Exact copies of all records below are needed.
Start of THE DATA
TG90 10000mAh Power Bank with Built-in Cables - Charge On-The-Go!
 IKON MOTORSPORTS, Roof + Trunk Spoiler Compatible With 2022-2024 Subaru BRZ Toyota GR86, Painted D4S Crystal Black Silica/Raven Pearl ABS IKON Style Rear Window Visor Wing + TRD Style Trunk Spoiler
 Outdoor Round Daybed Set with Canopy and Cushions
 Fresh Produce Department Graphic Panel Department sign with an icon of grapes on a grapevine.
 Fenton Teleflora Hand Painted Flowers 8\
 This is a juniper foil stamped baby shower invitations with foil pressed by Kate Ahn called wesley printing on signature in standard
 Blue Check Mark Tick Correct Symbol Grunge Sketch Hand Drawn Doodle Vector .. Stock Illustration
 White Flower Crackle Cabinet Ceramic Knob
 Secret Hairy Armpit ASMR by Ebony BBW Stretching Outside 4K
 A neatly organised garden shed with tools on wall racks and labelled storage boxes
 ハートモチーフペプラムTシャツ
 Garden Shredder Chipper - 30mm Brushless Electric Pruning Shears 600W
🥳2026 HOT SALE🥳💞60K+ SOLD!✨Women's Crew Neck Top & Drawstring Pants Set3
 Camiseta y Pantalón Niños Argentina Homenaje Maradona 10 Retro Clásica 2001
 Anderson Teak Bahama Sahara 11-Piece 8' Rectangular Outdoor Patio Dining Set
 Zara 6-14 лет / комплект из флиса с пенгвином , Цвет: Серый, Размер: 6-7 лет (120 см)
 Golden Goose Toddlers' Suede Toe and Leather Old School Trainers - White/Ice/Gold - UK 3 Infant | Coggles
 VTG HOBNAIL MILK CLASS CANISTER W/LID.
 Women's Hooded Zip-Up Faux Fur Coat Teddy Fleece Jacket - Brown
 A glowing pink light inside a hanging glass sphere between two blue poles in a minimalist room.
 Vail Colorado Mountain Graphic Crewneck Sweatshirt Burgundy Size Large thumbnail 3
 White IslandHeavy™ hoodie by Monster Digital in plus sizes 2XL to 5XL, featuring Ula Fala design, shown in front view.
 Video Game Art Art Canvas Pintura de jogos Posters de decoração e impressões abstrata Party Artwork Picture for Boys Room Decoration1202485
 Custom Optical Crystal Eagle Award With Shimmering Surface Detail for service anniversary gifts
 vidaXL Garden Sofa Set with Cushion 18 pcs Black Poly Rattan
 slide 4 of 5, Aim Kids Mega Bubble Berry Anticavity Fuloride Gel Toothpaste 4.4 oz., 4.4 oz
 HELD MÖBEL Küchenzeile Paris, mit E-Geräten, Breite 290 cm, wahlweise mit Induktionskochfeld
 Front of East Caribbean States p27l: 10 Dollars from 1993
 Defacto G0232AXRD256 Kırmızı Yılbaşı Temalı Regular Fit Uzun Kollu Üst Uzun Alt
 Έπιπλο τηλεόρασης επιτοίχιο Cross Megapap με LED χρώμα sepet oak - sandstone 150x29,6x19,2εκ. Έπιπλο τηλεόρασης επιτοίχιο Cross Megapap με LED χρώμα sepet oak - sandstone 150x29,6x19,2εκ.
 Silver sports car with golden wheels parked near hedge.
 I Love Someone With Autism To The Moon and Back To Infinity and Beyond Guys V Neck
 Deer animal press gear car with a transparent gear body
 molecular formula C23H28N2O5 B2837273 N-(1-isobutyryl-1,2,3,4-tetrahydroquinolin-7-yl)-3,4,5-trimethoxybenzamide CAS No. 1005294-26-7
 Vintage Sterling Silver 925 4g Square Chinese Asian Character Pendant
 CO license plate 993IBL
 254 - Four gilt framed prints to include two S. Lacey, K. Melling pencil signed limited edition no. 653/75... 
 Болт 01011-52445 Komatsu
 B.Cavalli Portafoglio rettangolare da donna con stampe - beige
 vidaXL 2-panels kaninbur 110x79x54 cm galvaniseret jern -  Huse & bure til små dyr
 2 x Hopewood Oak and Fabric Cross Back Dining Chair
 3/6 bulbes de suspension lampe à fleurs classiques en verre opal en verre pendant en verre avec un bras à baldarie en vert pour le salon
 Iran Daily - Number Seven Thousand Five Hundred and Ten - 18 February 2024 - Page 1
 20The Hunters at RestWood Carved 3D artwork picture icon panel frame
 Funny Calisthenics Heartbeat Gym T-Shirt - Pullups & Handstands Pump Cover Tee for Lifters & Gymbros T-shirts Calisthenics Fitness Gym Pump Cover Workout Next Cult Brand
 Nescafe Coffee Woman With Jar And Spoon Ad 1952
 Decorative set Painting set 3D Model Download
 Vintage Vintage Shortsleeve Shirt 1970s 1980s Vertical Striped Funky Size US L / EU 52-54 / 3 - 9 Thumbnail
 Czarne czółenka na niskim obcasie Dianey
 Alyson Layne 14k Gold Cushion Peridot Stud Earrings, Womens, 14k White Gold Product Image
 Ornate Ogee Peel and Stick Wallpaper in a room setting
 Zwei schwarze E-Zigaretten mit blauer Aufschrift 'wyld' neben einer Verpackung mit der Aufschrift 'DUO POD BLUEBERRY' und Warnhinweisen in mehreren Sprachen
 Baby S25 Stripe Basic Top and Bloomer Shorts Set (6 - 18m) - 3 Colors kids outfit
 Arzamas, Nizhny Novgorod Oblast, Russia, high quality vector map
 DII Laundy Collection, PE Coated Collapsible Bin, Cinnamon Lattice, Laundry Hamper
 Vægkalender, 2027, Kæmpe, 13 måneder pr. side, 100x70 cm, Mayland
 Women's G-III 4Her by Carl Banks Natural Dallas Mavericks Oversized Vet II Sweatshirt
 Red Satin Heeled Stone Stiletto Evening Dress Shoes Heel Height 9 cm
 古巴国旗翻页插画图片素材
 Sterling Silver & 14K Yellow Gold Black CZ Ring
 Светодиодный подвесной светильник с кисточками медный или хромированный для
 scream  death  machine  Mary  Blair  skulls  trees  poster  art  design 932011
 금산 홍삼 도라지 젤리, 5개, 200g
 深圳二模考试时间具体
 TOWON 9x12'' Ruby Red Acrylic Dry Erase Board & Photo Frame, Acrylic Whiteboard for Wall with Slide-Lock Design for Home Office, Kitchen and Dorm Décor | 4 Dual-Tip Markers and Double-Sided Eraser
End of THE DATA
- _PROBLEM SOLUTION_
TG90 10000mAh Power Bank with Built-in Cables - Charge On-The-Go!
 IKON MOTORSPORTS, Roof + Trunk Spoiler Compatible With 2022-2024 Subaru BRZ Toyota GR86, Painted D4S Crystal Black Silica/Raven Pearl ABS IKON Style Rear Window Visor Wing + TRD Style Trunk Spoiler
 Outdoor Round Daybed Set with Canopy and Cushions
 Fresh Produce Department Graphic Panel Department sign with an icon of grapes on a grapevine.
 Fenton Teleflora Hand Painted Flowers 8\
 This is a juniper foil stamped baby shower invitations with foil pressed by Kate Ahn called wesley printing on signature in standard
 Blue Check Mark Tick Correct Symbol Grunge Sketch Hand Drawn Doodle Vector .. Stock Illustration
 White Flower Crackle Cabinet Ceramic Knob
 Secret Hairy Armpit ASMR by Ebony BBW Stretching Outside 4K
 A neatly organised garden shed with tools on wall racks and labelled storage boxes
 ハートモチーフペプラムTシャツ
 Garden Shredder Chipper - 30mm Brushless Electric Pruning Shears 600W
🥳2026 HOT SALE🥳💞60K+ SOLD!✨Women's Crew Neck Top & Drawstring Pants Set3
 Camiseta y Pantalón Niños Argentina Homenaje Maradona 10 Retro Clásica 2001
 Anderson Teak Bahama Sahara 11-Piece 8' Rectangular Outdoor Patio Dining Set
 Zara 6-14 лет / комплект из флиса с пенгвином , Цвет: Серый, Размер: 6-7 лет (120 см)
 Golden Goose Toddlers' Suede Toe and Leather Old School Trainers - White/Ice/Gold - UK 3 Infant | Coggles
 VTG HOBNAIL MILK CLASS CANISTER W/LID.
 Women's Hooded Zip-Up Faux Fur Coat Teddy Fleece Jacket - Brown
 A glowing pink light inside a hanging glass sphere between two blue poles in a minimalist room.
 Vail Colorado Mountain Graphic Crewneck Sweatshirt Burgundy Size Large thumbnail 3
 White IslandHeavy™ hoodie by Monster Digital in plus sizes 2XL to 5XL, featuring Ula Fala design, shown in front view.
 Video Game Art Art Canvas Pintura de jogos Posters de decoração e impressões abstrata Party Artwork Picture for Boys Room Decoration1202485
 Custom Optical Crystal Eagle Award With Shimmering Surface Detail for service anniversary gifts
 vidaXL Garden Sofa Set with Cushion 18 pcs Black Poly Rattan
 slide 4 of 5, Aim Kids Mega Bubble Berry Anticavity Fuloride Gel Toothpaste 4.4 oz., 4.4 oz
 HELD MÖBEL Küchenzeile Paris, mit E-Geräten, Breite 290 cm, wahlweise mit Induktionskochfeld
 Front of East Caribbean States p27l: 10 Dollars from 1993
 Defacto G0232AXRD256 Kırmızı Yılbaşı Temalı Regular Fit Uzun Kollu Üst Uzun Alt
 Έπιπλο τηλεόρασης επιτοίχιο Cross Megapap με LED χρώμα sepet oak - sandstone 150x29,6x19,2εκ. Έπιπλο τηλεόρασης επιτοίχιο Cross Megapap με LED χρώμα sepet oak - sandstone 150x29,6x19,2εκ.
 Silver sports car with golden wheels parked near hedge.
 I Love Someone With Autism To The Moon and Back To Infinity and Beyond Guys V Neck
 Deer animal press gear car with a transparent gear body
 molecular formula C23H28N2O5 B2837273 N-(1-isobutyryl-1,2,3,4-tetrahydroquinolin-7-yl)-3,4,5-trimethoxybenzamide CAS No. 1005294-26-7
 Vintage Sterling Silver 925 4g Square Chinese Asian Character Pendant
 CO license plate 993IBL
 254 - Four gilt framed prints to include two S. Lacey, K. Melling pencil signed limited edition no. 653/75... 
 Болт 01011-52445 Komatsu
 B.Cavalli Portafoglio rettangolare da donna con stampe - beige
 vidaXL 2-panels kaninbur 110x79x54 cm galvaniseret jern -  Huse & bure til små dyr
 2 x Hopewood Oak and Fabric Cross Back Dining Chair
 3/6 bulbes de suspension lampe à fleurs classiques en verre opal en verre pendant en verre avec un bras à baldarie en vert pour le salon
 Iran Daily - Number Seven Thousand Five Hundred and Ten - 18 February 2024 - Page 1
 20The Hunters at RestWood Carved 3D artwork picture icon panel frame
 Funny Calisthenics Heartbeat Gym T-Shirt - Pullups & Handstands Pump Cover Tee for Lifters & Gymbros T-shirts Calisthenics Fitness Gym Pump Cover Workout Next Cult Brand
 Nescafe Coffee Woman With Jar And Spoon Ad 1952
 Decorative set Painting set 3D Model Download
 Vintage Vintage Shortsleeve Shirt 1970s 1980s Vertical Striped Funky Size US L / EU 52-54 / 3 - 9 Thumbnail
 Czarne czółenka na niskim obcasie Dianey
 Alyson Layne 14k Gold Cushion Peridot Stud Earrings, Womens, 14k White Gold Product Image
 Ornate Ogee Peel and Stick Wallpaper in a room setting
 Zwei schwarze E-Zigaretten mit blauer Aufschrift 'wyld' neben einer Verpackung mit der Aufschrift 'DUO POD BLUEBERRY' und Warnhinweisen in mehreren Sprachen
 Baby S25 Stripe Basic Top and Bloomer Shorts Set (6 - 18m) - 3 Colors kids outfit
 Arzamas, Nizhny Novgorod Oblast, Russia, high quality vector map
 DII Laundy Collection, PE Coated Collapsible Bin, Cinnamon Lattice, Laundry Hamper
 Vægkalender, 2027, Kæmpe, 13 måneder pr. side, 100x70 cm, Mayland
 Women's G-III 4Her by Carl Banks Natural Dallas Mavericks Oversized Vet II Sweatshirt
 Red Satin Heeled Stone Stiletto Evening Dress Shoes Heel Height 9 cm
 古巴国旗翻页插画图片素材
 Sterling Silver & 14K Yellow Gold Black CZ Ring
 Светодиодный подвесной светильник с кисточками медный или хромированный для
 scream  death  machine  Mary  Blair  skulls  trees  poster  art  design 932011
 금산 홍삼 도라지 젤리, 5개, 200g
 深圳二模考试时间具体
 TOWON 9x12'' Ruby Red Acrylic Dry Erase Board & Photo Frame, Acrylic Whiteboard for Wall with Slide-Lock Design for Home Office, Kitchen and Dorm Décor | 4 Dual-Tip Markers and Double-Sided Eraser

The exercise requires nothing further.